今年、アメリカの著名なキリスト教指導者が相次いでこの世を去った。その死は、アメリカ国内だけでなく、全世界にも大きな衝撃を与えた。以下に、今年この世を去るまで、その生涯をかけて世界宣教に大きく貢献した幾人かのキリスト教指導者を紹介する。
ジェリー・ファルエル(1933〜2007)
ファルエル氏は1956年、22歳でトマス・ロード・バプテスト教会を信徒35人と共に設立。同教会は現在、信徒数約2万4千人を突破し、米国でも指折りのメガチャーチの一つとなっている。
79年には、妊娠中絶の権利を認めた決議に反対し、ロビー組織「モラル・マジョリティー(道徳的多数派)」を結成。保守政治家も加わり、会員は650万人と大きく成長した。87年に活動を中止するが、同性愛や妊娠中絶などの問題が再燃し始めた04年、「モラル多数派連合」と改称して活動を再開した。
「キリスト教右派の顔」としてテレビ番組にも多数出演。しかし、その極端的な発言で多方面から批判を浴びることも多かった。
83年には米誌「USニュース・アンド・ワールド・リポート」で米国で最も影響力のある25人の1人に選ばれた。
ルース・ベル・グラハム(1920〜2007)
世界的なキリスト教伝道者ビリー・グラハムの妻。夫の宣教活動を献身的にサポートしながらも、5人の子どもを育てた。
家族や友人はグラハム氏を、自立した人、ユーモアのある人、親切で信仰深い人だと語る。

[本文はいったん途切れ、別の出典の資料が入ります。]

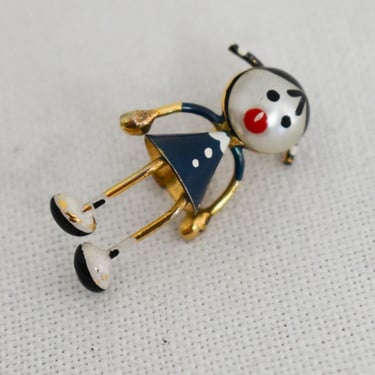 1950s Tiny Girl Figure Brooch, Made in Spain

妻について聞かれるといつもビリー・グラハム氏は、「自分が知る限りでもっとも偉大なキリスト者」だと記者たちに答えていた。
レックス・ハンバード(1919〜2007)
米放送伝道の先駆者で、最初の「テレバンジェリスト(テレビ伝道者)」として知られる。
ハンバード氏は49年に米CBS系列局から放送伝道を開始し、世界の注目を集めた。その後、北米360局で放送が続き、91言語に訳されて世界2000局以上から放送され、受信者は数百万人に上ったとされる。
76年には日曜日の平均視聴者が800万人に。歌手エルビス・プレスリーも熱心な視聴者の一人だったという。エルビスの死後、その葬儀の司式をハンバード氏が担当した。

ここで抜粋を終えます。